Zatulin has already been named Ukraine’s Foe of the Week (Kyiv Post, Vol. 22, Issue 8, Feb. 24, 2017), but he deserves the title again for his renewed attacks on the treaty of friendship and cooperation. He called on Jan. 14 for Russia to denounce the treaty, or at least its Article 2, which confirms Ukraine and Russia’s mutual respect for their territorial integrity and the inviolability of their borders.

Not that this treaty is worth much now: under Article 15, paragraph 5, Russia was in violation as soon as it sent its troops in unmarked uniforms out of their bases in Crimea without Ukraine’s prior approval (the first such movements were recorded on Feb. 21, 2014, even before former Ukrainian President Viktor Yanukovych fled Kyiv.)

However, Ukraine has not itself denounced the treaty, and it officially remains in force, meaning that under international law Russia is obliged to respect the territorial integrity of Ukraine and the inviolability of its borders. That would entail immediately ending its occupation of Ukraine’s Crimea and withdrawing Russian troops and weapons from the parts of Ukraine’s Donetsk and Luhansk oblasts that it has occupied.
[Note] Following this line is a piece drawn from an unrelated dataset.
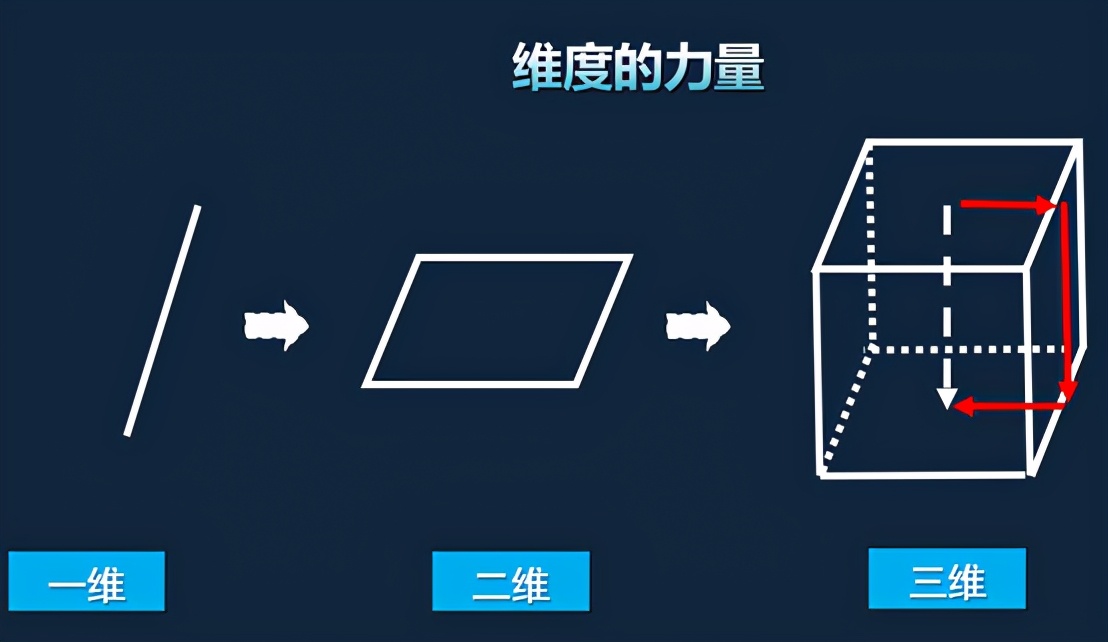 量子计算：挑战未来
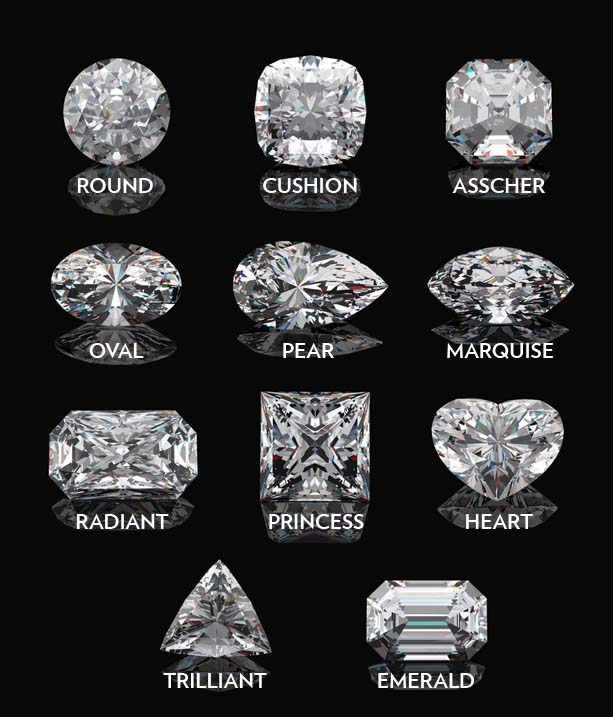 The Shape of Your Diamonds to Come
The Kremlin, of course, denies that it is occupying parts of the Donbas, even though these denials are patently false. But it cannot deny occupying Crimea – it even claims to have made the territory part of Russia itself.

So there is no option to resolve this obvious absurdity but for Russia itself to denounce the treaty (or at least Article 2), and Zatulin is heralding the plan. Zatulin’s statement also explains the ridiculous comment by Russian Foreign Minister Sergey Lavrov, made during his Jan. 15 annual press conference, that Russia respects Ukraine’s territorial integrity, but only “at the borders that formed after the referendum in the Crimea and after the reunification of Crimea with the Russian Federation.”

The Treaty of Friendship and Cooperation between Ukraine and Russia is automatically extended every 10 years if neither state objects within six months of the automatic extension. The treaty was automatically extended on April 1, 2009. It will be automatically extended for another ten years on April 1, 2019 unless one of the sides objects by Oct. 1, 2018. So we can probably expect Russia to denounce the treaty (or at least Article 2) before that date.

The Kremlin apparently feels that by denouncing the treaty it will end the obvious hypocrisy of its official positions on Ukraine and Crimea, and perhaps free itself up to do some more redrawing of Ukraine’s borders.

Meanwhile, we hesitate to award Zatulin the Order of Lenin – as an old Communist Party member, he’d probably be pleased, and that’s not the spirit in which it is awarded.

But he definitely deserves to be named Ukraine’s Foe of the Week for a second time, although, given his hatred of the country, that might please him as well.